Aunque yo hablara todas las lenguas de los hombres y de los ángeles, si no tengo amor, soy como una campana que resuena o un platillo que retiñe. Aunque tuviera el don de la profecía y conociera todos los misterios y toda la ciencia, aunque tuviera toda la fe, una fe capaz de trasladar montañas, si no tengo amor, no soy nada. Aunque repartiera todos mis bienes para alimentar a los pobres y entregara mi cuerpo a las llamas, si no tengo amor, no me sirve para nada (1 Cor 13,1-3).

Podemos ampliar estas bellas palabras de Pablo: si yo celebrara una bella liturgia… si yo organizara una misión… si yo me quedara toda la noche dando café a los mendigos… si yo planificara tantas cosas por el bien de los demás… si en el colegio o en la universidad organizara un grupo de estudio para ayudar a mis compañeros que no les va tan bien en este curso… pero me falta el amor, no me sirve de nada.

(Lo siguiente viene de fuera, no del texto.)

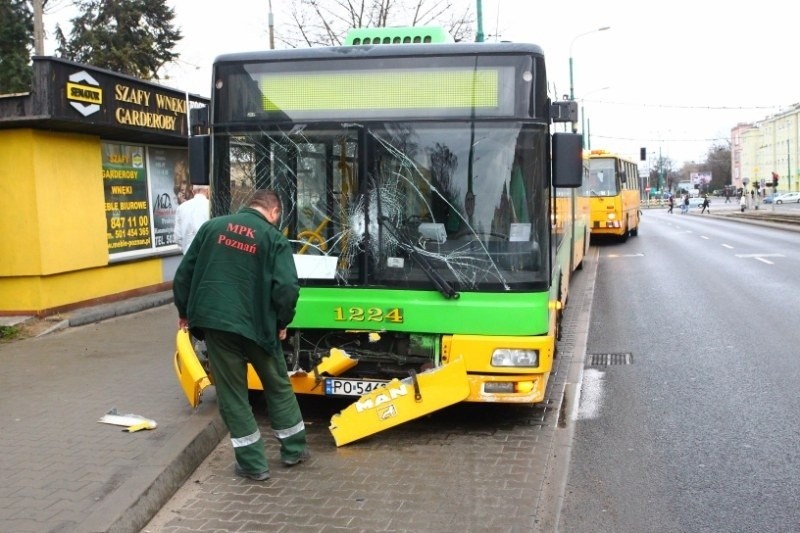 Zderzenie autobusu z tramwajem w Poznaniu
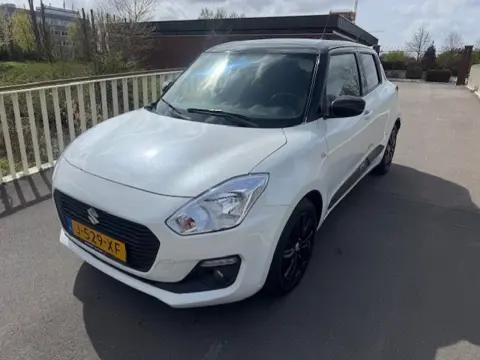 Suzuki Swift 1.2 Select Smart Hybrid (bj 2020)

La gran señal con la que se reconocerá que somos cristianos es única y exclusivamente el amor. La gente dirá: miren cómo se aman, y querrán formar parte de nuestra comunidad. Pero si ven envidias, chismes entre unos y otros, resentimientos, grupos aislados que se oponen a cualquier cambio o innovación… mejor no voy a la Iglesia, enciendo el televisor y veo la telenovela del momento: también ahí hay envidias, chismes, intrigas, ¡pero es más entretenido!

Es cierto que la fe no puede depender de lo bueno o malo que sea el hombre, pero, ¡vaya que ayuda cuando estoy descubriendo mi compromiso cristiano! Y podemos ser motivo de bendición o de escándalo para muchos, que después de ver, sea nuestra manera de amarnos o nuestra manera de tratarnos mal, conocerán el rostro de Jesús y querrán acogerlo en sus vidas o… no querrán saber nada de Él.


Es tan importante entender esto… se basa en este momento solemne de la vida de Jesús: la última cena, la despedida de los discípulos, antes de ir a la cruz y resucitar al tercer día… es el testamento del Maestro. Cuando la intimidad era más profunda que nunca, que las miradas se concentraban en el Amigo, en el Maestro y en el Señor, Él manifestó a sus discípulos el deseo más profundo de su corazón… ámense. ¿Cómo? Como yo los amé. ¿Cómo nos amaste, Señor? Hasta la muerte. Pero… ¿sólo hasta la muerte? No. Mi amor es más fuerte que la muerte… el amor verdadero es más fuerte que la muerte: hasta la vida que no tiene fin. Así les amé. Ámense así.

Por eso, observemos nuestra vida hoy, y nuestro testimonio cristiano, sea en mi familia, lugar de estudio o de trabajo: ¿refleja lo que digo creer? ¿Qué debo cambiar para cumplir cada vez más este mandamiento en la Iglesia, en la familia, en mi ambiente y donde sea? Pongámonos la mano en el corazón y reconozcamos que no siempre es el otro el envidioso, que no me quiere o es problemático… a veces tengo parte en que la Iglesia no sea tan comunidad como debiera ser. Que el Señor nos ayude a expresar el amor que ha depositado en nuestra vida principalmente en el hermano y en la hermana que está a mi lado.


Señor,
Tú que te has dignado redimirnos
y has querido hacernos hijos tuyos;
míranos siempre con amor de Padre
y haz que cuantos creemos en Cristo tu Hijo,
alcancemos la libertad verdadera y la herencia eterna.